His eyes, watering uncontrollably, met mine. I bit hard into my tongue, nearly drawing blood before I succumbed to the inevitable. We both then unleashed an uncontrolled torrent of pitifully-suppressed laughter. Mine felt as though it escaped through my nose and ears.
I stood up and quickly made my way to a quiet spot in the far corner of the library, now laughing so hard I thought my eyes might bleed.
My buddy met me moments later, and we both savored the hilarity of the experience. We replayed the details verbally so as to ensure that, should one of us not live through the evening, at least the epic story might survive. When we finally had regained some semblance of decorum, we purposefully made our way back to our seats.
No sooner had we resumed our places did the flatulent gentleman now retrieve one of those nasal suction devices used on congested infants and go to work zealously purging his sinuses.
The resulting snorking sound very nearly loosened the ceiling tiles. I looked on in amazement as my buddy veritably leaped from his seat, apparently fearing that some of the voluminous nasal discharge might inadvertently affix itself to his person.
All decorum was now hopelessly lost. My prospects for a profitable evening of study had perished along with it. I gathered my gear and made my way home, sincerely but fruitlessly wishing the rest of my library pals productive scholarship.
Ruminations
I don’t recall having seen the flatulent gentleman with the atypical personal hygiene habits again stalking the halls of the library after that fateful evening, his potentially lethal bowels ever ready to strike.

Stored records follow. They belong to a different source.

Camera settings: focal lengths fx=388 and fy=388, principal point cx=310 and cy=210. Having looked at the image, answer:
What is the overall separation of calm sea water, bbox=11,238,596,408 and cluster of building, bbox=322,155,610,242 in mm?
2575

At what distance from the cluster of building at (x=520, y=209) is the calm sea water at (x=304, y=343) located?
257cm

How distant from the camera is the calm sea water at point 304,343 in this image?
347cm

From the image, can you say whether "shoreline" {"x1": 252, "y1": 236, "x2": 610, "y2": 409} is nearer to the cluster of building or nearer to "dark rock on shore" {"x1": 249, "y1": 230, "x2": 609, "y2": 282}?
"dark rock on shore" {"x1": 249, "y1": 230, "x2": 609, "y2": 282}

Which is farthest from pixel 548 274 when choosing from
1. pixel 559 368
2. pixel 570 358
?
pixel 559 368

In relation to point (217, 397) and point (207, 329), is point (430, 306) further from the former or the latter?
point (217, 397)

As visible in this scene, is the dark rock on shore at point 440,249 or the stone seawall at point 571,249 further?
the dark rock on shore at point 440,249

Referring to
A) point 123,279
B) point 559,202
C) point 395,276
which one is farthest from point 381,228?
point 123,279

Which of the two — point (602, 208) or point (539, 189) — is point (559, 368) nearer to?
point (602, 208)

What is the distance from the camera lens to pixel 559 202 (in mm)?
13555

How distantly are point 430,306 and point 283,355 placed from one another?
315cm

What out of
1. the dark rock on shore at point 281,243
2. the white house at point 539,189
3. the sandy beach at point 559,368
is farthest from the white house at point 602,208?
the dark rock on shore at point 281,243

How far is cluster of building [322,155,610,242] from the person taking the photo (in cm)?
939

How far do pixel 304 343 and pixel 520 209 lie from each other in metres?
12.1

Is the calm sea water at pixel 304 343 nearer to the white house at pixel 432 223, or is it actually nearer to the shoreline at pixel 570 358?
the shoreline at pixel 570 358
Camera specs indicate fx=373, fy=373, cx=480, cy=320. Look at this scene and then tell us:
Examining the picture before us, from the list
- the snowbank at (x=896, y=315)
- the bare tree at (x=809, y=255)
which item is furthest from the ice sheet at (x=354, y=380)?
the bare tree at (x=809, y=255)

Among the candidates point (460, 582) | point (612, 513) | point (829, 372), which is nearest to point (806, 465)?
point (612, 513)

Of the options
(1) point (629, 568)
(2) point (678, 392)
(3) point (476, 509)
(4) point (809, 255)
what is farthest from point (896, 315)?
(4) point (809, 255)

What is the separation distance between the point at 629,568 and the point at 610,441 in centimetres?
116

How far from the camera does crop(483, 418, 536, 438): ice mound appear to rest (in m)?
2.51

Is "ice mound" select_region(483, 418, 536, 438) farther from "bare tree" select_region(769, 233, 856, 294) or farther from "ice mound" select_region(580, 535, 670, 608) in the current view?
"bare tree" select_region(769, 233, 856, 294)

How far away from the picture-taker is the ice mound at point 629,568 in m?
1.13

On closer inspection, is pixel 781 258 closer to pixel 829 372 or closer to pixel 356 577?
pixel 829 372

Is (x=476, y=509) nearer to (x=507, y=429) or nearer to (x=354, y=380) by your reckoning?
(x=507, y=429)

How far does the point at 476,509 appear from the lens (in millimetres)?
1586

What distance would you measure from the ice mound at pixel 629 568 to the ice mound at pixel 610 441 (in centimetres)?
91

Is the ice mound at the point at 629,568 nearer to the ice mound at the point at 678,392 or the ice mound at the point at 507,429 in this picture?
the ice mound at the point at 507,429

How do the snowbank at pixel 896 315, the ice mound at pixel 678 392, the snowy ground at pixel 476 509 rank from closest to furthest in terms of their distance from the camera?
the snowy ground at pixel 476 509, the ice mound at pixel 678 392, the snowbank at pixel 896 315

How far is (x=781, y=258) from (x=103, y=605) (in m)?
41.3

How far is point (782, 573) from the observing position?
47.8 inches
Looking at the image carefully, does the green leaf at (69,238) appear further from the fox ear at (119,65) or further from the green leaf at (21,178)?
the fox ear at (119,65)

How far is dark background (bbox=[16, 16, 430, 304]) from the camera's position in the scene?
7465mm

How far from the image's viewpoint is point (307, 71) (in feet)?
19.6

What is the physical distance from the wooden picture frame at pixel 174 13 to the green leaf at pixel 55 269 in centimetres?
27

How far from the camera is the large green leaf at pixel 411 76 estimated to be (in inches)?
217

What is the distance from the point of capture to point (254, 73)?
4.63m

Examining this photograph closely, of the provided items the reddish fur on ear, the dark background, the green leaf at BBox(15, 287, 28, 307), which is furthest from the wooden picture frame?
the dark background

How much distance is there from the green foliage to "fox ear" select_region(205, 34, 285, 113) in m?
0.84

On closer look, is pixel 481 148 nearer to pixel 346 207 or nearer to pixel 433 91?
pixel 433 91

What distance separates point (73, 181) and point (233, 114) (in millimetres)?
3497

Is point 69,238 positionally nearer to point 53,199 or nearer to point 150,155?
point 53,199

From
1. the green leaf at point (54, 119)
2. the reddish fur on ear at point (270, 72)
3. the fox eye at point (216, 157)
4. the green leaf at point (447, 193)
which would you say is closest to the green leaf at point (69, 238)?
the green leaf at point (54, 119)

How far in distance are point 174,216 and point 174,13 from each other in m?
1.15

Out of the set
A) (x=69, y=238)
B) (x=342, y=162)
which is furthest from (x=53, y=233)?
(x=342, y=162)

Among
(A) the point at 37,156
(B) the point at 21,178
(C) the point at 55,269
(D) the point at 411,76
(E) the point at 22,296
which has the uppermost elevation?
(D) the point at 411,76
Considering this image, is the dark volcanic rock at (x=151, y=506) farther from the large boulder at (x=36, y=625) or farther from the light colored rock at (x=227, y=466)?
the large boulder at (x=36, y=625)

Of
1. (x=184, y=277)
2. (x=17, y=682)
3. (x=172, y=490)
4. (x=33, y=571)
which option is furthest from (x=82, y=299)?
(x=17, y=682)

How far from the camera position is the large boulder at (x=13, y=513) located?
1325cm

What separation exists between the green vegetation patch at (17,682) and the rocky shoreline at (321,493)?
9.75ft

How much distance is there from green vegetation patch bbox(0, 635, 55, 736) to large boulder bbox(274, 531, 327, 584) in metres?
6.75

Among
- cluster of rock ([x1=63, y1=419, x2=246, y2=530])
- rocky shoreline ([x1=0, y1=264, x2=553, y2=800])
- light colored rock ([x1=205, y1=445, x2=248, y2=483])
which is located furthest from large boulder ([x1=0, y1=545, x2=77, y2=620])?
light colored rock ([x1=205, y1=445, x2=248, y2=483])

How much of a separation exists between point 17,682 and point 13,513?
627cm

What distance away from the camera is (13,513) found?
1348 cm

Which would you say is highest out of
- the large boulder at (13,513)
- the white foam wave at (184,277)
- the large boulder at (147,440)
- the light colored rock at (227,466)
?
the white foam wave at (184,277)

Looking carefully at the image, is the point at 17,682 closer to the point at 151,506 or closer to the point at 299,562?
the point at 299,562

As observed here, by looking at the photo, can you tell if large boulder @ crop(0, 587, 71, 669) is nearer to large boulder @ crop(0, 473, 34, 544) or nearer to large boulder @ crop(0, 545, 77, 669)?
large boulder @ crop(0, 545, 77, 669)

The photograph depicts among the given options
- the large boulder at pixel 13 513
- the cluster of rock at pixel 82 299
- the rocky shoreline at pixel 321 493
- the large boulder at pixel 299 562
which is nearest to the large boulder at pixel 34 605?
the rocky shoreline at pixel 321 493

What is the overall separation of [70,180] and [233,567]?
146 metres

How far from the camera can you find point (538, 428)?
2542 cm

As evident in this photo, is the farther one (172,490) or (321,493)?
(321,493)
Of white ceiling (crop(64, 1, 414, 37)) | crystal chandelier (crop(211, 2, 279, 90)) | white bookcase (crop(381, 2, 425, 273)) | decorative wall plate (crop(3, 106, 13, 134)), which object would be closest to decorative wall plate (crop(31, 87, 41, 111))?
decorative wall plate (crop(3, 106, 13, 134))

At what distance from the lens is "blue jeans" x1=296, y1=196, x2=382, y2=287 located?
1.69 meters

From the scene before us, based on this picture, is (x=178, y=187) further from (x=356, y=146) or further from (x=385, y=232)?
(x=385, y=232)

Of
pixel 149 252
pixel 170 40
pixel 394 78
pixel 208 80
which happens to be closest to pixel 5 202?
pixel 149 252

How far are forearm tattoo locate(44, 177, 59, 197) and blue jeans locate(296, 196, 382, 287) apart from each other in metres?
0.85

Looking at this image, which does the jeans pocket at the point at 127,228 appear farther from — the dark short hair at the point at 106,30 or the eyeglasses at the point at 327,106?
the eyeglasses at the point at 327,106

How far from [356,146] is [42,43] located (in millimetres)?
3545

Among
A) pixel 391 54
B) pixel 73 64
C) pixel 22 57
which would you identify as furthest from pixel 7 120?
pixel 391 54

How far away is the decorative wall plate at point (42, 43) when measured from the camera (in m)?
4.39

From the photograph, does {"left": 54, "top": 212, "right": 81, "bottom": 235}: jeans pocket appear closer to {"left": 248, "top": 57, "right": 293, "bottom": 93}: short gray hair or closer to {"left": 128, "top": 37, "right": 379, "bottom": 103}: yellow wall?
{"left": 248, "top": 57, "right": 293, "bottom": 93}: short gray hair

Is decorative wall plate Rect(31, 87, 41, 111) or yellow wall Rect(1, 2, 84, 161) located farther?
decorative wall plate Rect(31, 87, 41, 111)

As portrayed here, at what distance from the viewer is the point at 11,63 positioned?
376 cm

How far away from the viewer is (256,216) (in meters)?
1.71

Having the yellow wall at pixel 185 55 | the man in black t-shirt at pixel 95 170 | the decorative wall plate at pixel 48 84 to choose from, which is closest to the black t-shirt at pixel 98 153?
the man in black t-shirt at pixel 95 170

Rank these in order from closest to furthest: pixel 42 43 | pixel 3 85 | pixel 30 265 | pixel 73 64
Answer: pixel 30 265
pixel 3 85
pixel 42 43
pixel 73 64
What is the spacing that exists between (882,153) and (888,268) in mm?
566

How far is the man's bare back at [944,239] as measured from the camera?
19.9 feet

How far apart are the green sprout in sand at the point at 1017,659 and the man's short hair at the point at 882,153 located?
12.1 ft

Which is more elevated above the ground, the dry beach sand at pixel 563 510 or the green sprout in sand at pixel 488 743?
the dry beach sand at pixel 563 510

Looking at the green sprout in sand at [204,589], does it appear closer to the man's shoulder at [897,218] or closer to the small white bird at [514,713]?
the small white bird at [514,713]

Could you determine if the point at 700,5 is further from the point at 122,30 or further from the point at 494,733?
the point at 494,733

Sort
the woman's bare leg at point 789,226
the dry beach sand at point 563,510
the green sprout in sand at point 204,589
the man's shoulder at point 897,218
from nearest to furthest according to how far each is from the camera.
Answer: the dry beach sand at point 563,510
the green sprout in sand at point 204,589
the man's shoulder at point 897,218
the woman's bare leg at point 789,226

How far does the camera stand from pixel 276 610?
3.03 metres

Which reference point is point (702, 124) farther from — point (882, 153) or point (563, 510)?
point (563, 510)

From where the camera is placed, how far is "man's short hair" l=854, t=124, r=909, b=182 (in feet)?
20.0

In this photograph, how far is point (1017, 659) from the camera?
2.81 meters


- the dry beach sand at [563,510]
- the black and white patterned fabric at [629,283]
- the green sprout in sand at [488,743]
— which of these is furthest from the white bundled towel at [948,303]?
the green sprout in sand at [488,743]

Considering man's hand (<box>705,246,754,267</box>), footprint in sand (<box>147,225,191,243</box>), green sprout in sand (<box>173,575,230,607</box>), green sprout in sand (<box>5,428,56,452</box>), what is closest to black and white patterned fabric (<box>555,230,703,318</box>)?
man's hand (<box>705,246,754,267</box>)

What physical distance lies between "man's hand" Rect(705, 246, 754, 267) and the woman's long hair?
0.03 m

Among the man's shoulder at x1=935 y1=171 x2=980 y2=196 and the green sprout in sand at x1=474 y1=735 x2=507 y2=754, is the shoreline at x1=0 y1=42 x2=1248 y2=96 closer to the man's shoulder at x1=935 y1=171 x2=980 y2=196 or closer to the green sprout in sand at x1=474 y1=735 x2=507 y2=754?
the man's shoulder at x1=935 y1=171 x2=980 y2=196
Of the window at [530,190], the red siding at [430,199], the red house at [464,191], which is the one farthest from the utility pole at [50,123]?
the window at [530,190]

We all felt his scholarly pursuits might be best exercised in a better-ventilated area. Regardless, I sincerely expect to see his G.I. tract on display in a museum someday, either as a revolutionary new source of natural energy or a devastatingly effective chemical weapon system.
I think the school children of tomorrow should be able to appreciate such a remarkable medical oddity, albeit in a safe and controlled environment.
Regardless, I enjoy a certain deep and abiding kinship with Walt, Krista, Scotty, and the other survivors of that momentous evening.
Like survivors of an air crash, earthquake victims, or combat-hardened Navy SEALs, I feel that we have, by triumphing in the face of this unspeakable crucible, developed a bond that transcends the boundaries of most mortal experience.
Should I be so fortunate as to bump into one of these fellow physicians 30 years hence at some professional gathering or academic symposium, we will no doubt be reduced to tears over the retelling of that timeless evening when the mysterious stranger with the hyperactive bowels rendered the entire med school library uninhabitable.